Records provided —
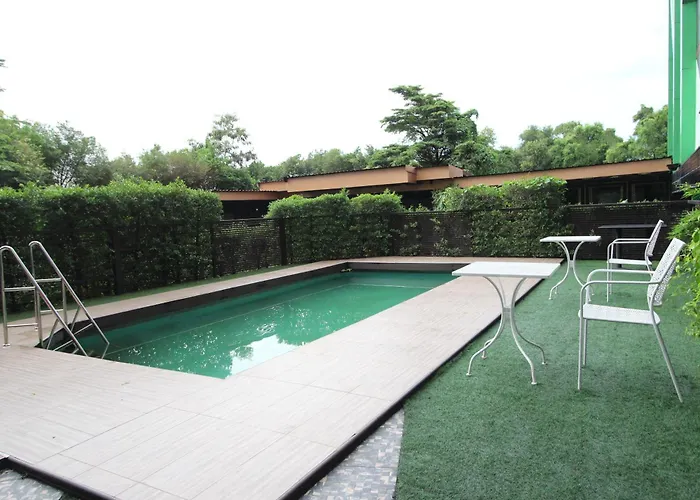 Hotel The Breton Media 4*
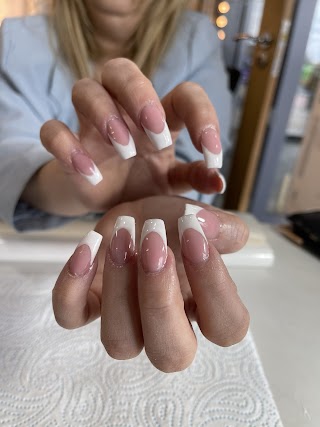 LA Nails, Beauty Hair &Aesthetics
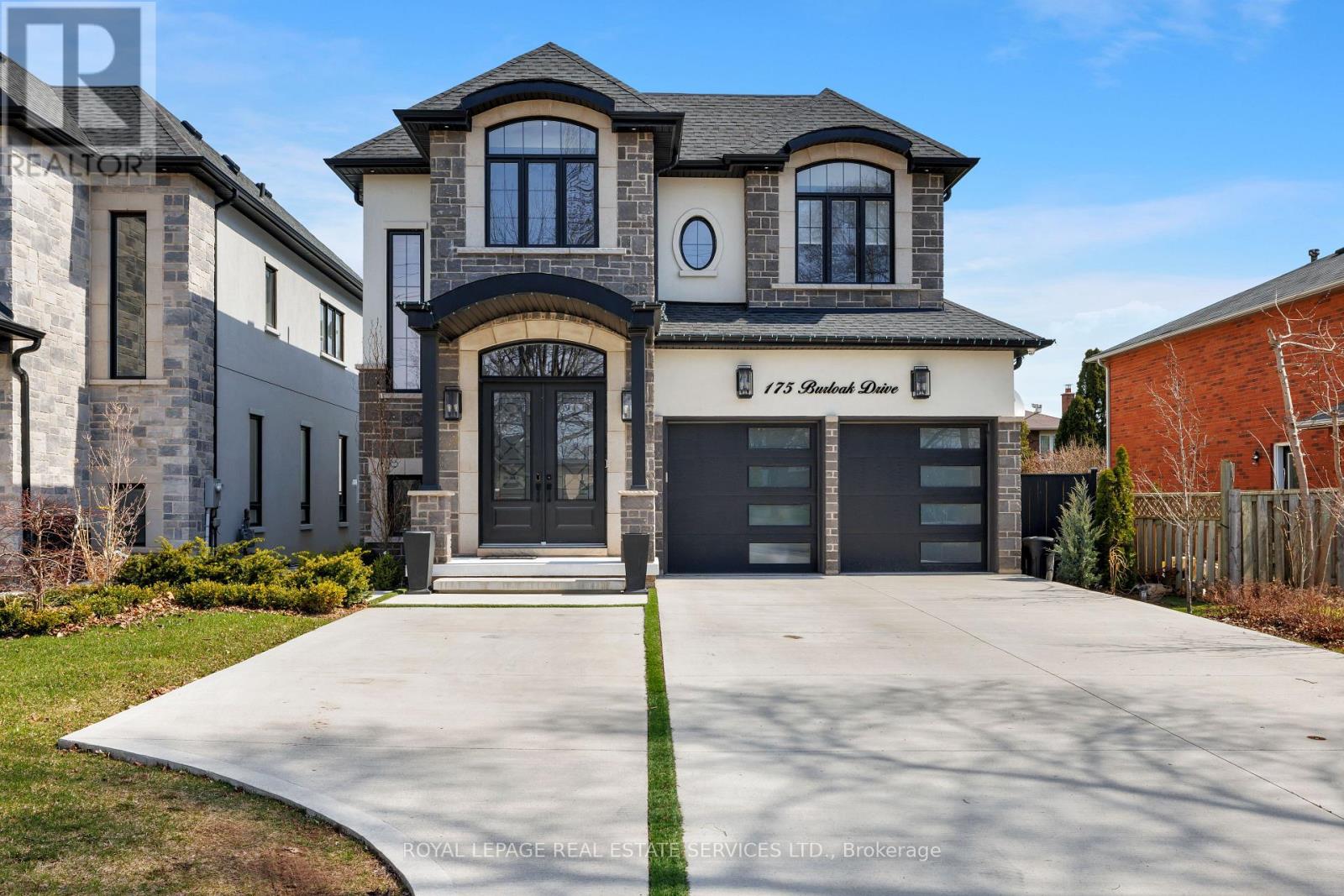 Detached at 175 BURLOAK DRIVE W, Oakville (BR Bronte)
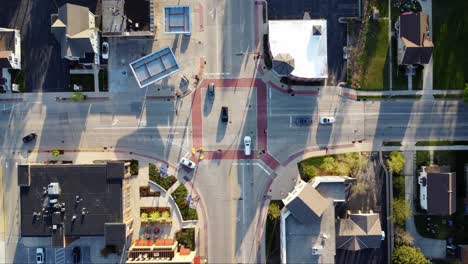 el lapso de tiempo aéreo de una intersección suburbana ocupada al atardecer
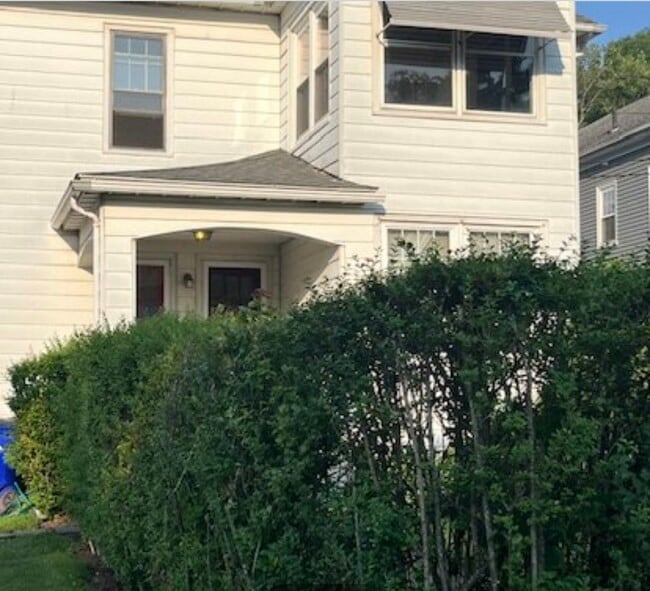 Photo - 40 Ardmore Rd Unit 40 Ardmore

---

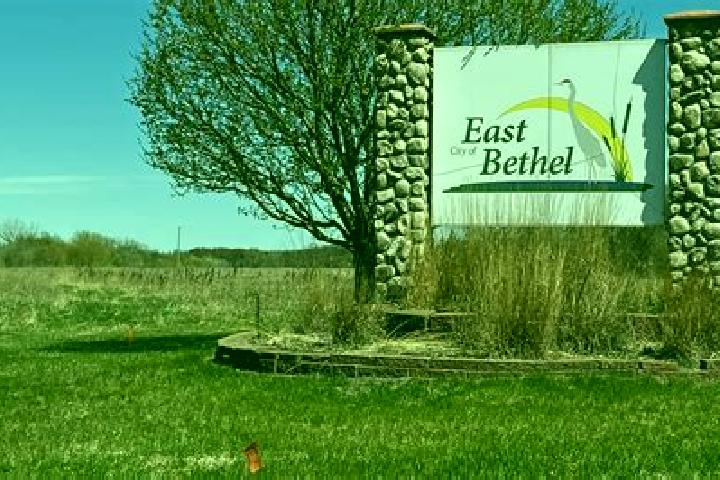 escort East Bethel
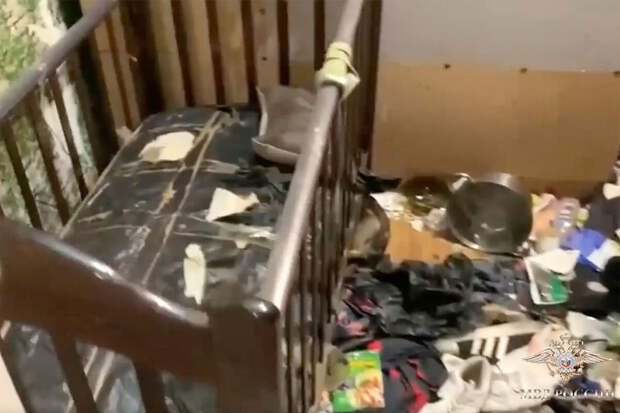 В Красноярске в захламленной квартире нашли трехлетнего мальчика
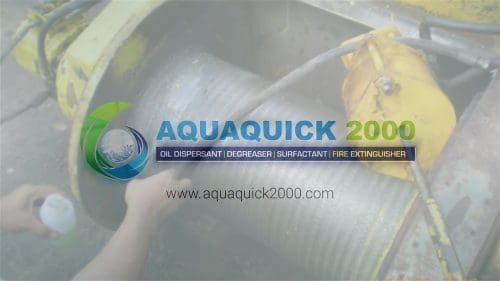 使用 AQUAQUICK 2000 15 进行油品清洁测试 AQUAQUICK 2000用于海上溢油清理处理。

--

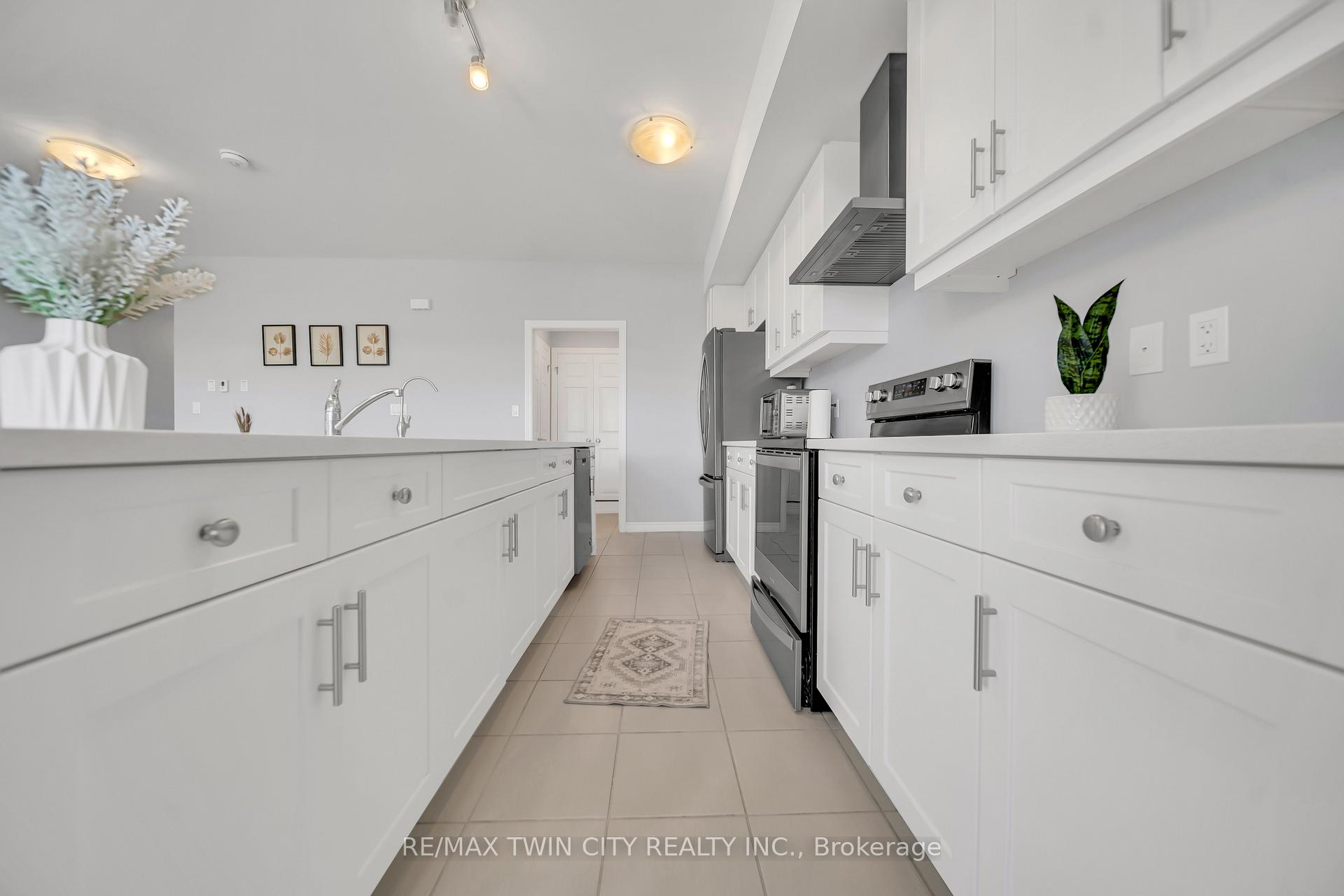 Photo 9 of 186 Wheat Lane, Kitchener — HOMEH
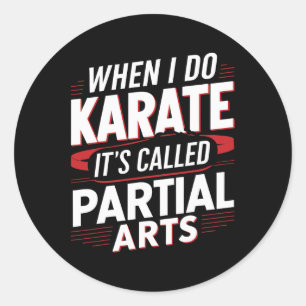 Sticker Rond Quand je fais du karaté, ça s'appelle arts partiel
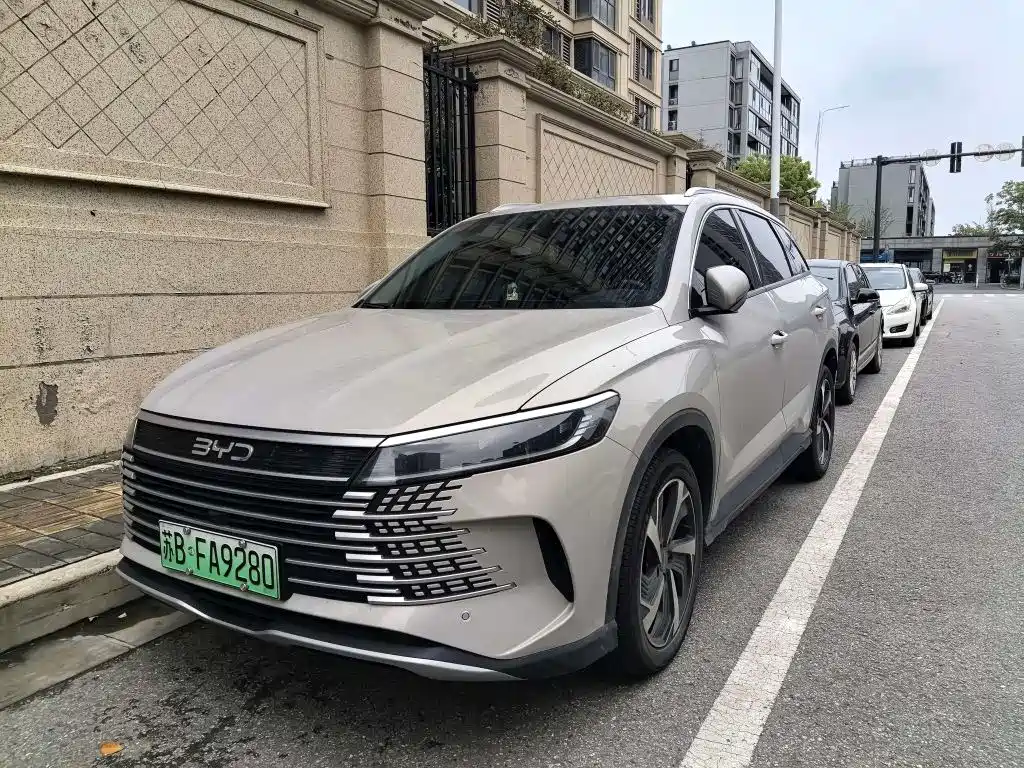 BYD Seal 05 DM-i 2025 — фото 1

Required action — I would like the exact lines from the data above, starting with the one that holds "Photo 9 of 186 Wheat Lane, Kitchener — HOMEH" and going on through the one that holds "BYD Seal 05 DM-i 2025 — фото 1", without the pictures.

Task answer —
 Photo 9 of 186 Wheat Lane, Kitchener — HOMEH
 Sticker Rond Quand je fais du karaté, ça s'appelle arts partiel
 BYD Seal 05 DM-i 2025 — фото 1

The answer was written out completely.